Most people get into sports writing because they are captivated by people and teams who win championships, by the bright lights and vivid personalities of the sports world. And how many professions afford the thrill of being threatened by naked 300-pound men while on deadline?

Young sportswriters envision themselves chronicling a great team, analyzing the mystical abilities of a coach and the cohesiveness of disparate players. Sports writing promises drama, travel, the chance to write the first draft of sports history. And free hot dogs.

So while sports writers often are referred to as "negative," this is often because of our severe disappointment at being saddled with front-row seats to the woeful and dysfunctional.

Yes, this is about the Timberwolves.

This will not be an attempt at objective analysis. This will be from the heart, and the gut -- meaning my heartburn and my upset stomach, caused by watching the Wolves lose again on Monday.

I want the Timberwolves to become relevant again. I want them to fill Target Center on cold winter nights.
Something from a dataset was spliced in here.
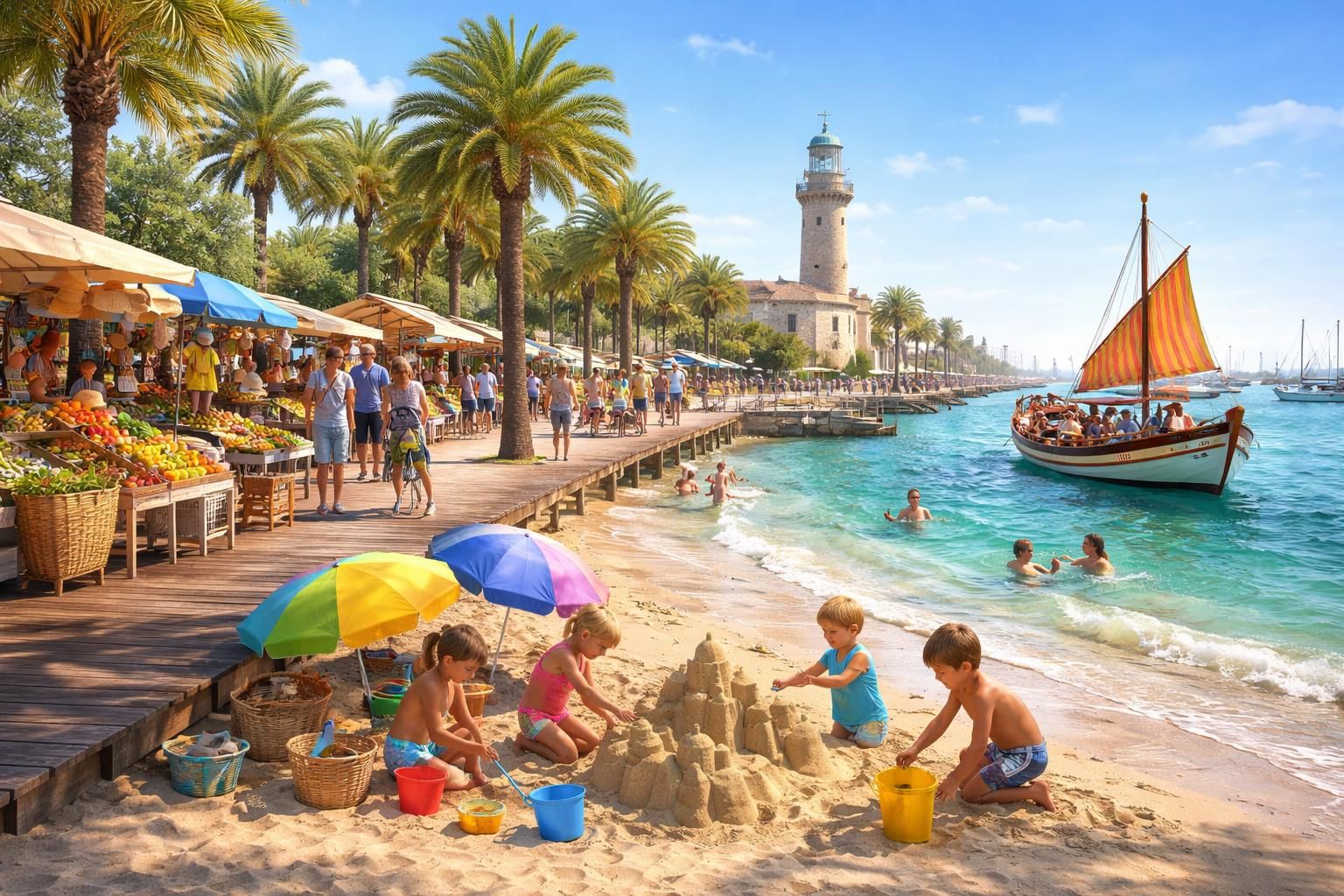 découvrez les meilleures activités à faire au grau du roi, des loisirs pour toute la famille alliant nature, culture et détente au bord de la mer.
If the Twins are to host our six-month summer barbecues, I want the Wolves to throw the indoor after-party.

I've never seen Minneapolis thrive the way it did last summer, when a Tuesday night game against the Royals could fill every bar and restaurant within walking distance of the ballpark. I want to see Minneapolis buzz all winter, too.

The problem is that the Wolves, after a series of management and coaching changes, and the trade of the best player in franchise history, and loads of high draft choices and dramatic personnel moves, still stink.

I wish this weren't true, but there's no other way to put it. I want to believe that this team is making progress, but every time you think they're throwing you a steak bone, it turns out to be Styrofoam.

I've written that they're better than they were a year ago, and that's both true and disheartening. Because they're far better than they were last year in terms of scoring and athletic ability and intriguing talent, and yet they're still 10-34, headed for 10-36 by Friday night, headed for a finish similar to last year's, when they went 15-67 and begged for patience.

They're better in many ways, but they still fail to play -- or attempt to play -- defense. They still lack basketball intelligence. They still choke in close games. They still, after drafting three first-round point guards and signing two more in the past two years, lack a starting-caliber point guard, and their current backup, Jonny Flynn, seems to lack even one above-average NBA skill.

I wish all of this weren't true. I want to believe that Kevin Love will become not just a statistical freak but the fulcrum of victories; that Michael Beasley will find the kind of internal fire that stokes superstars; that Wes Johnson will become more like his idol, Scottie Pippen; that Kurt Rambis knows what he's doing; that David Kahn is doing more than playing shell games just to stay employed.

We tend to look at the Wolves and hope that a key player or two -- maybe even a reluctant, struggling, 20-year-old from Spain -- will trigger improvement, but if you pay attention to the rest of a league filled with superstars and powerhouse teams, you realize just how far away the Wolves are from contending.

A mediocre Rockets team came to town Monday night without franchise player Yao Ming, and demonstrated a dramatic edge in basketball intelligence over our Wolves. With the underrated Rick Adelman orchestrating offense from the sideline and the basketball genius Shane Battier making everyone around him better (Google this: Battier, Daryl Morey, Michael Lewis, New York Times, and read Lewis' brilliant piece on Battier), the Rockets made the Wolves look slow and stupid all night.

Which is just business-as-usual at Target Center. As someone who wants to cover a relevant NBA team in this town, I fear that the Wolves' losing culture is so pervasive that everyone in the Wolves' organization, from owner Glen Taylor on down, has lost sight of what it takes not only to win, but to function in a competent workplace, that they have all become comfortable with the dubious concept of barely visible, incremental improvement.

There was a strange moment at the end of the first half Monday: Rambis came to mid-court to instruct his defense as the Rockets prepared for the last possession. Love rushed over to him, explaining that he had two fouls and should be pulled from the game.

Rambis didn't react. Love stepped out of bounds, next to Rambis, and pleaded his case, and Rambis finally started screaming "AT!" for backup forward Anthony Tolliver to replace Love.

It wasn't a consequential moment. I'm not even sure what to make of it, except that, as has been the case for the entire Kahn-Rambis era, the Wolves have trouble even pretending they know what they're doing.